▶ [Exercise]:
Begin at the line containing "feliz pareja joven" in the data below and go on through the line containing "Grüner Banjado US", repeating each line exactly; include both ends and no other line.

-------- Exercise material --------

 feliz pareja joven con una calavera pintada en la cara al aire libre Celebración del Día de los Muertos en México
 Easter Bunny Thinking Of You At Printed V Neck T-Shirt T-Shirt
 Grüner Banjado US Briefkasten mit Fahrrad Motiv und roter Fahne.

--------
-------- Exercise material --------

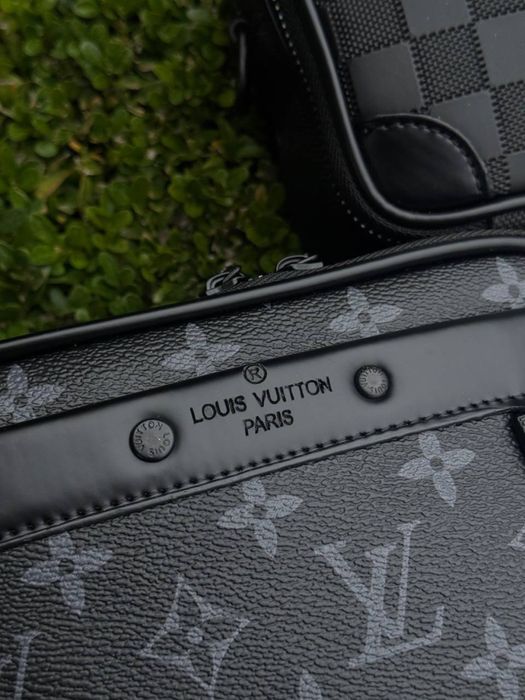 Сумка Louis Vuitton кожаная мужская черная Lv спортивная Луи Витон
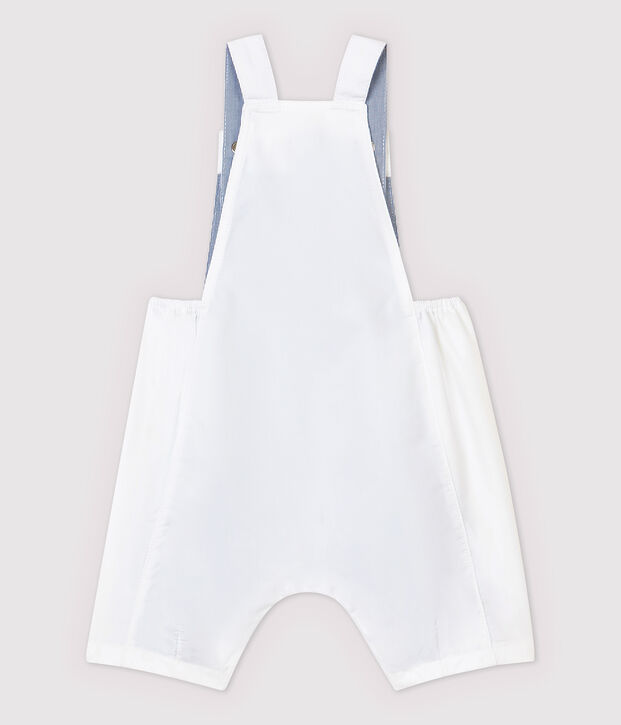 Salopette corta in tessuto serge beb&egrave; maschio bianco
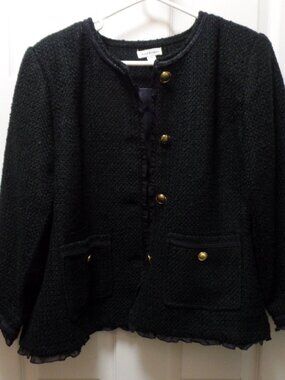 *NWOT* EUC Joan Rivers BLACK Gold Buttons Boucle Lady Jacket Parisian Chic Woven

--------
-------- Exercise material --------

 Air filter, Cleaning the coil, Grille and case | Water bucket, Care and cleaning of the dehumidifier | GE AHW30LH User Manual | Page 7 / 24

--------

▶ [Output for this exercise]:
 feliz pareja joven con una calavera pintada en la cara al aire libre Celebración del Día de los Muertos en México
 Easter Bunny Thinking Of You At Printed V Neck T-Shirt T-Shirt
 Grüner Banjado US Briefkasten mit Fahrrad Motiv und roter Fahne.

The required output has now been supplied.